[Exercise description]:
The line with "YOSE Hammock Hanging" marks where to begin; print it and all lines after it in the material below exactly, skipping pictures.

[Material for the task]:
::::::
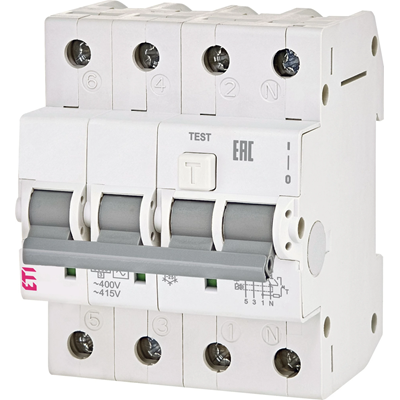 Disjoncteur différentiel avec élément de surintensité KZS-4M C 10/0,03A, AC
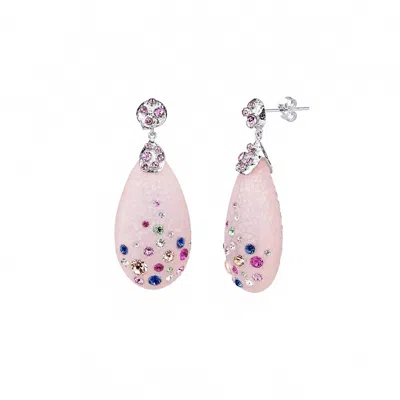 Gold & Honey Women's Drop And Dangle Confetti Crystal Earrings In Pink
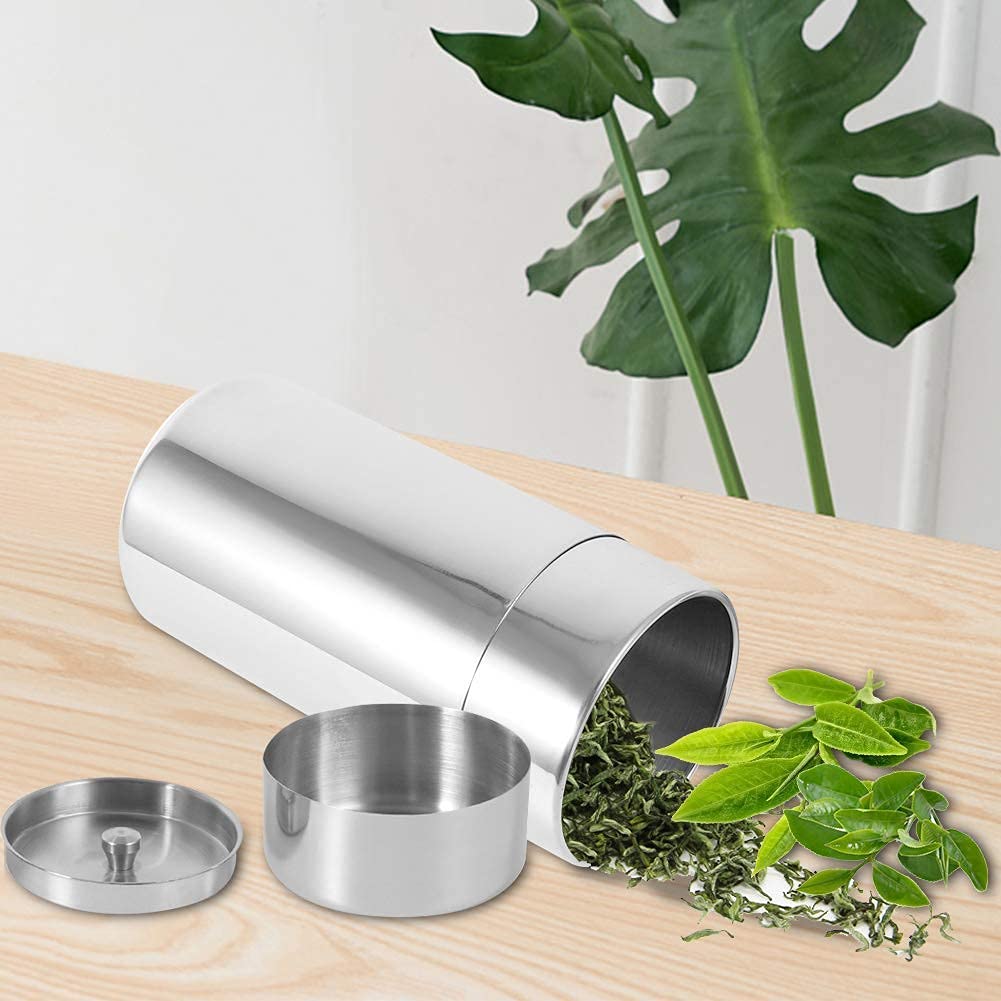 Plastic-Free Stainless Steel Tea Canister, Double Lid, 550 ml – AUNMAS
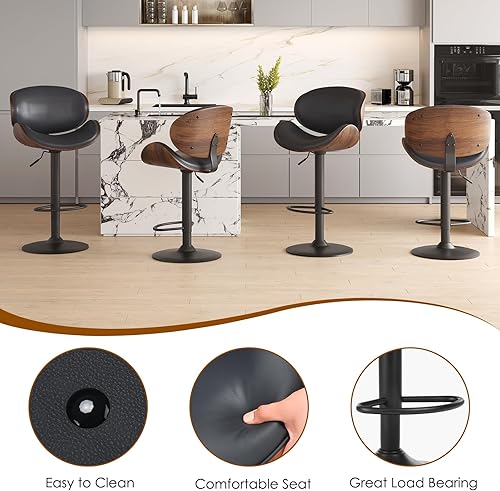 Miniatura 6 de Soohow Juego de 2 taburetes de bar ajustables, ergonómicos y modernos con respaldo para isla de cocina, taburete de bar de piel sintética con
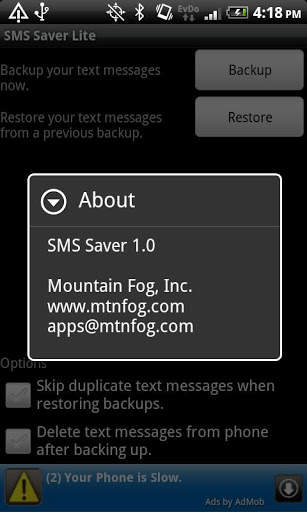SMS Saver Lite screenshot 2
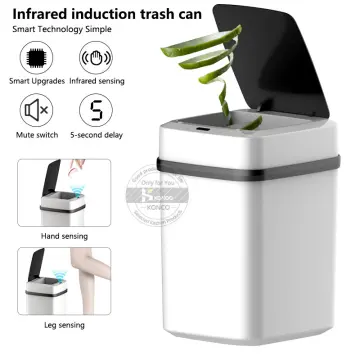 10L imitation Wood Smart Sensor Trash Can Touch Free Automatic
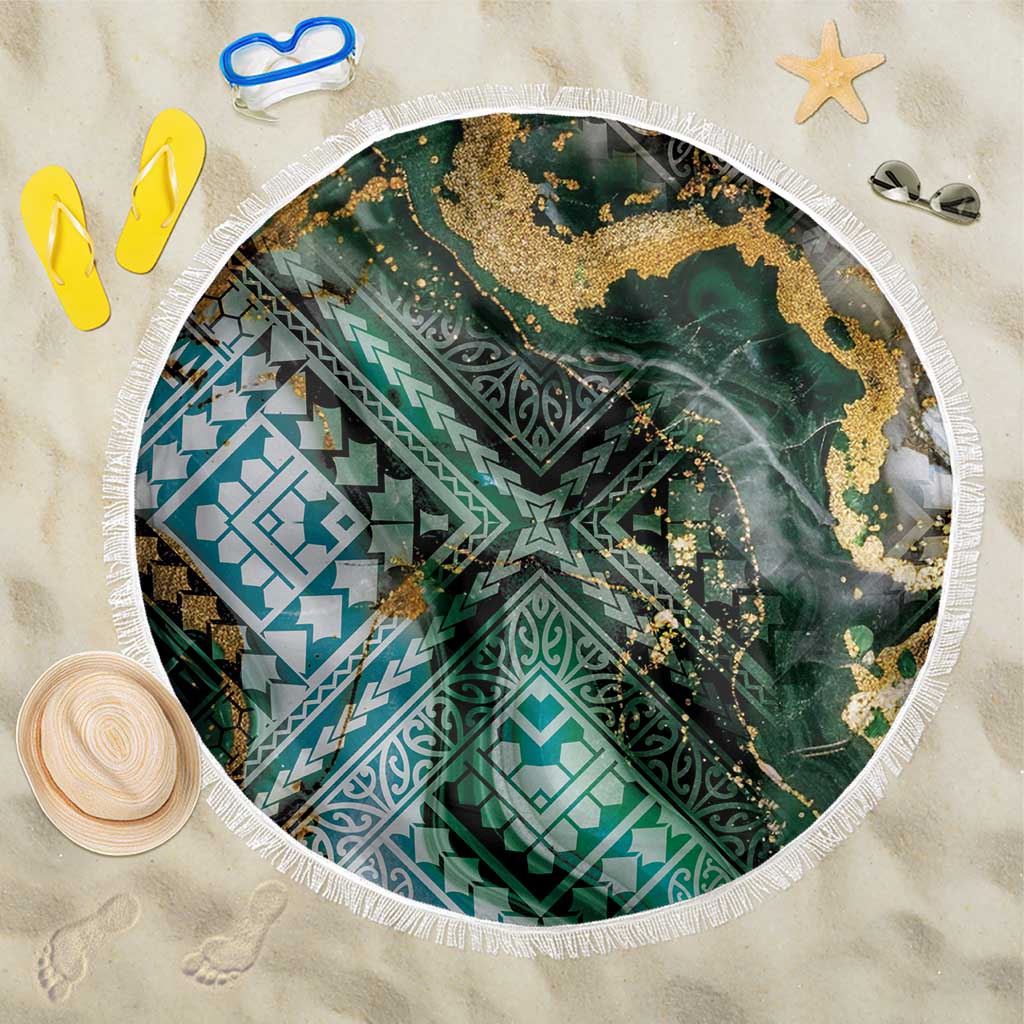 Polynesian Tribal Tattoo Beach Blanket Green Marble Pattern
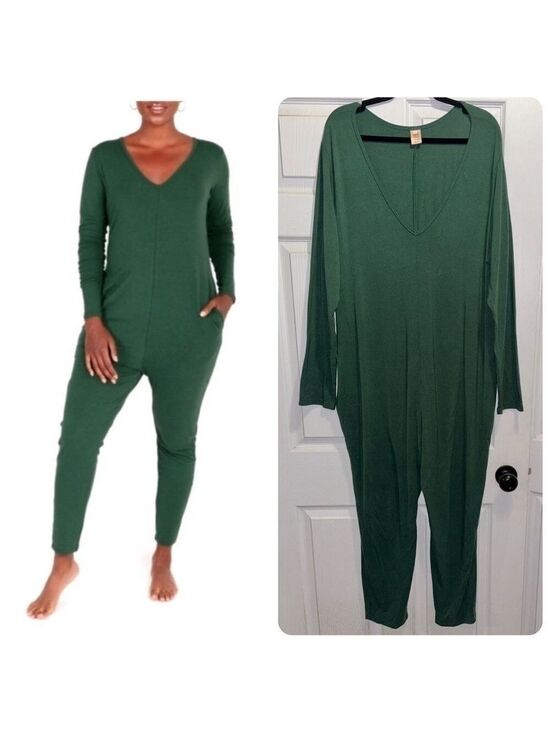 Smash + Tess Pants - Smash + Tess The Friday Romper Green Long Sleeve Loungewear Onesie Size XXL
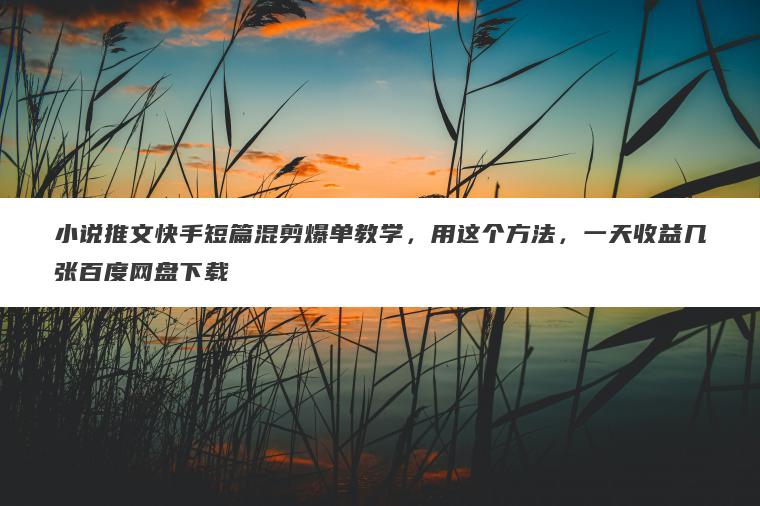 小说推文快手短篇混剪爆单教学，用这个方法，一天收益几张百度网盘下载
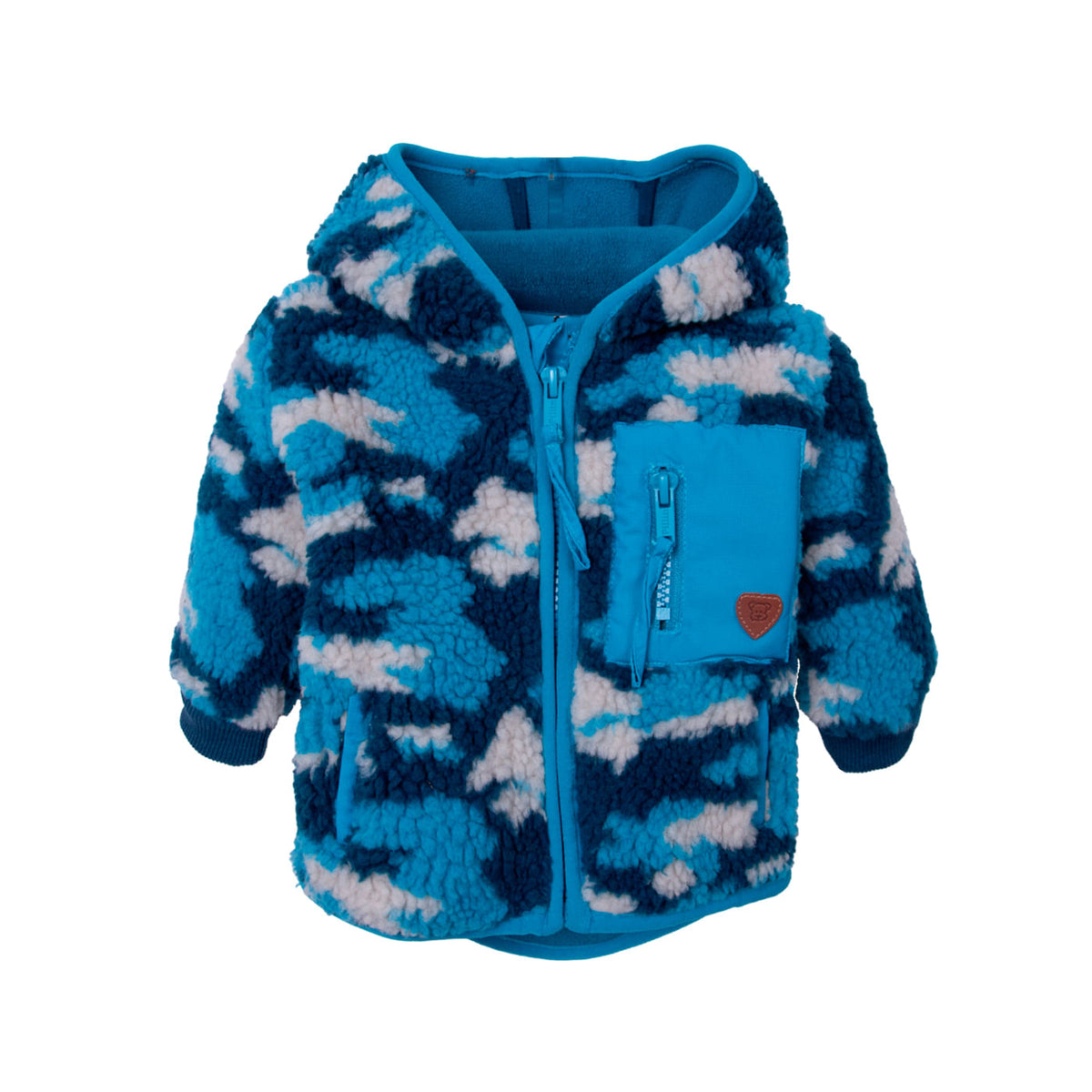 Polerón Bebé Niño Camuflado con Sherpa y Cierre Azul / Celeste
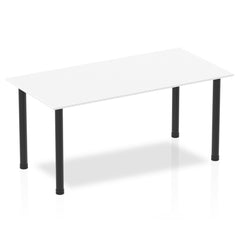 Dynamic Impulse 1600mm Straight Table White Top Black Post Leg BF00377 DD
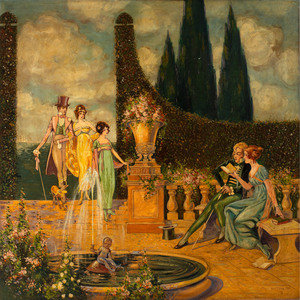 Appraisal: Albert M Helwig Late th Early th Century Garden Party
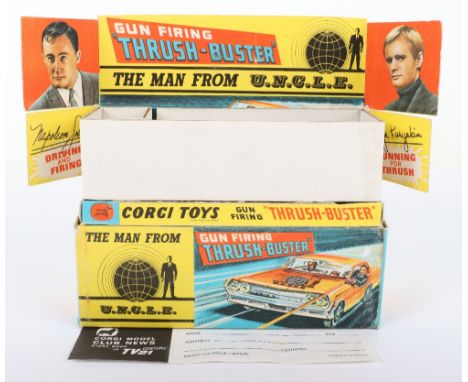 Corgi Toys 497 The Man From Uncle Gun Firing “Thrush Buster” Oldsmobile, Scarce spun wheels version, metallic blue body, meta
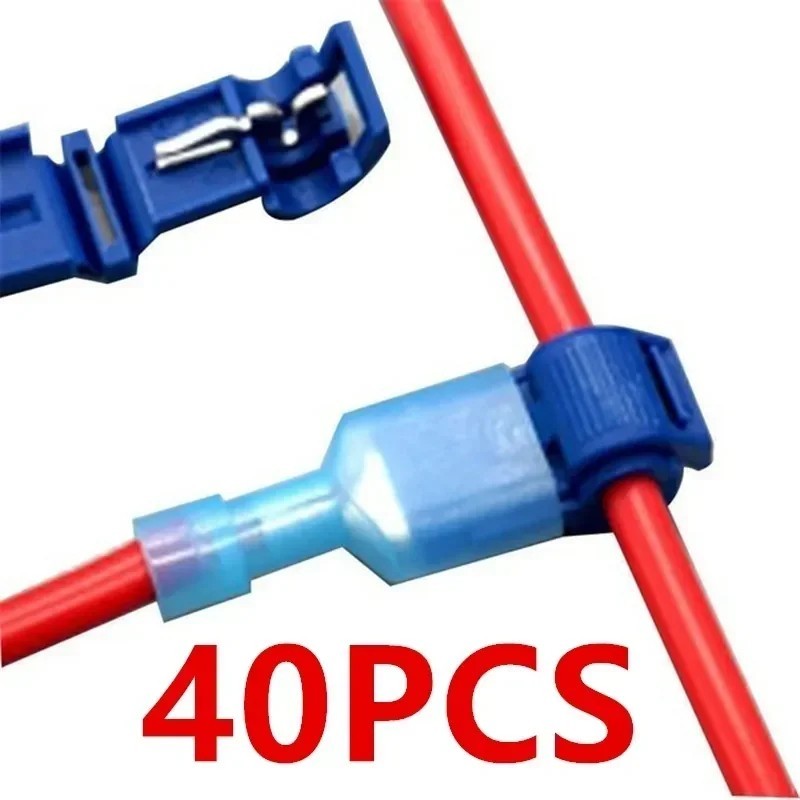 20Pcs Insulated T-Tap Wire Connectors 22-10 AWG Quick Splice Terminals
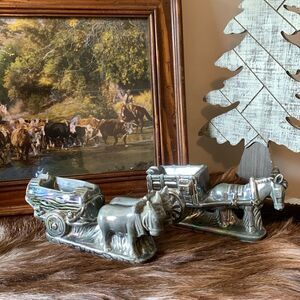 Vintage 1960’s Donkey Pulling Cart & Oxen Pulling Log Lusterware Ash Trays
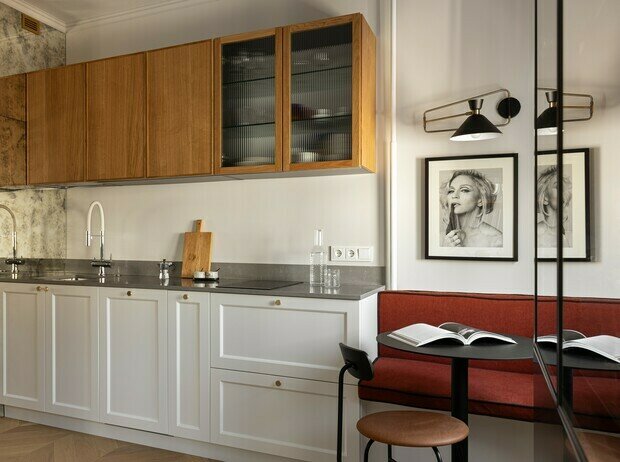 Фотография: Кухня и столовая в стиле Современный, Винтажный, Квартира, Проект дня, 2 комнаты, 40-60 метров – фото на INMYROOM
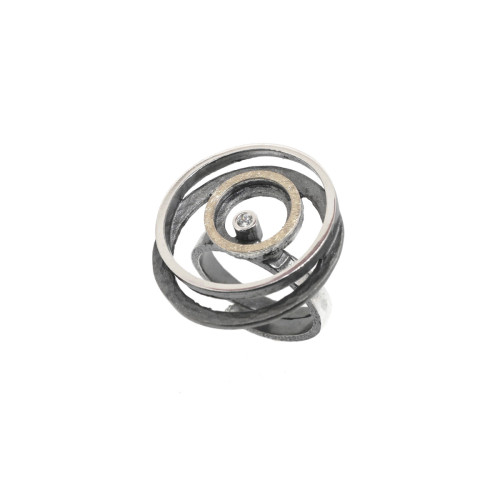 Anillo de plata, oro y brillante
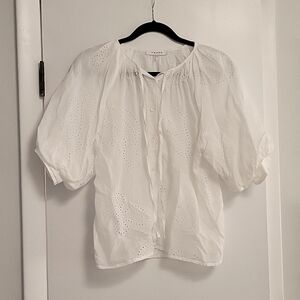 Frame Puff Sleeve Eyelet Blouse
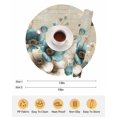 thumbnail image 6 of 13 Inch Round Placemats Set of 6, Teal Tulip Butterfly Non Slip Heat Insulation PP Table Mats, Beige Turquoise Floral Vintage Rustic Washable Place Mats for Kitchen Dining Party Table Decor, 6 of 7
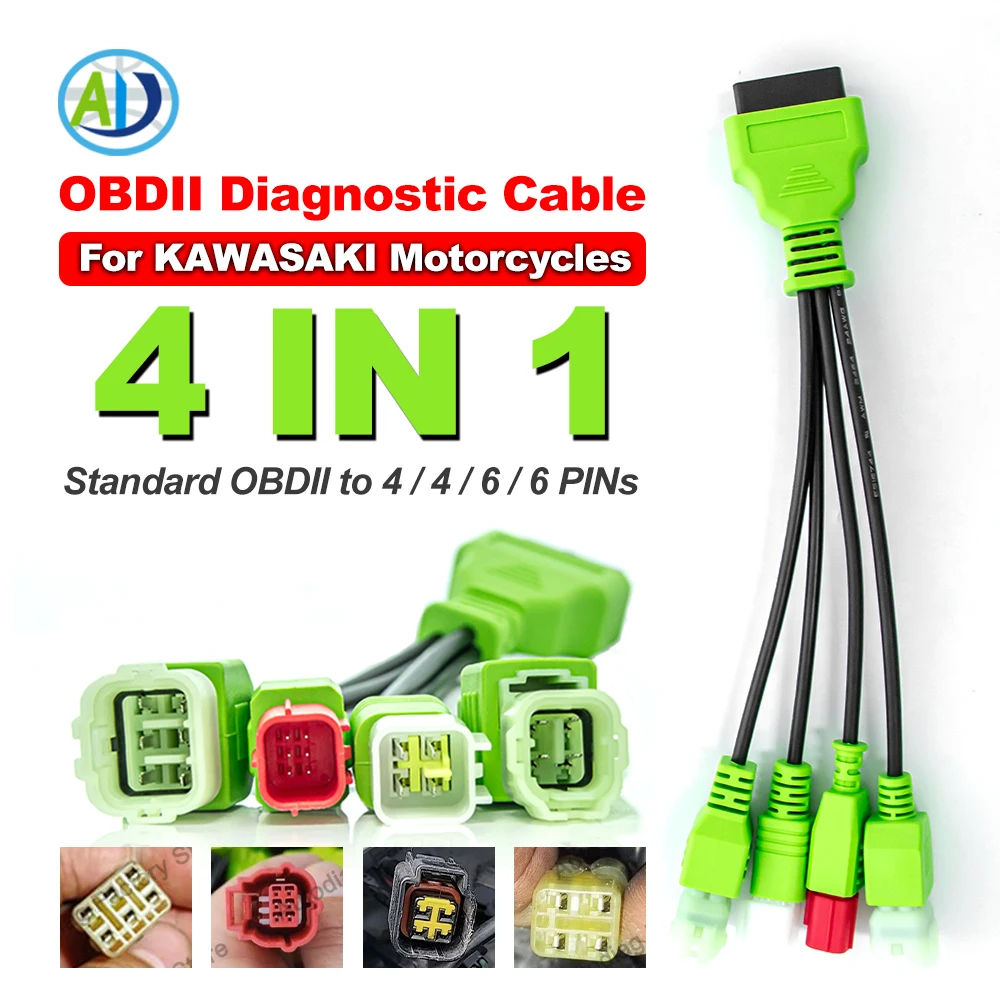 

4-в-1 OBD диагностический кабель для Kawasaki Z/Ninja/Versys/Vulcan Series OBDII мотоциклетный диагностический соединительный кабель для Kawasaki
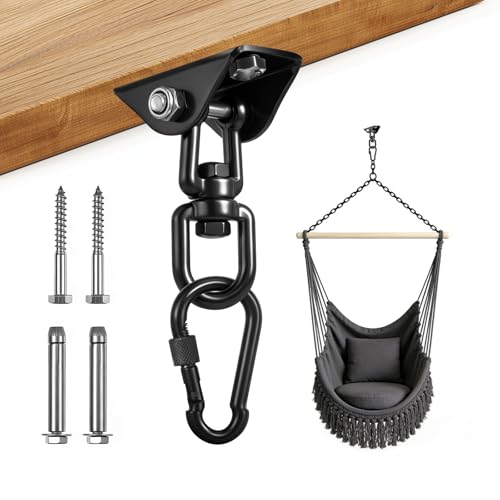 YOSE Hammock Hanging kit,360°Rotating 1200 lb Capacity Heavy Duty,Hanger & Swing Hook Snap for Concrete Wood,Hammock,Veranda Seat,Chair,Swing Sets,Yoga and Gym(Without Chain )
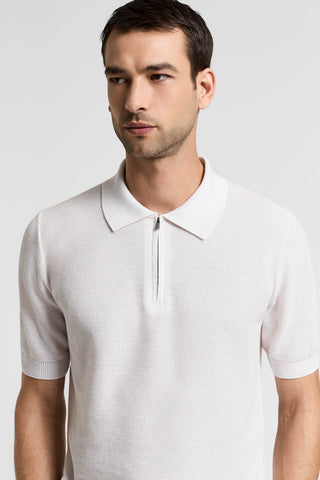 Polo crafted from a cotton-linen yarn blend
::::::
[Task solution]:
 YOSE Hammock Hanging kit,360°Rotating 1200 lb Capacity Heavy Duty,Hanger & Swing Hook Snap for Concrete Wood,Hammock,Veranda Seat,Chair,Swing Sets,Yoga and Gym(Without Chain )
 Polo crafted from a cotton-linen yarn blend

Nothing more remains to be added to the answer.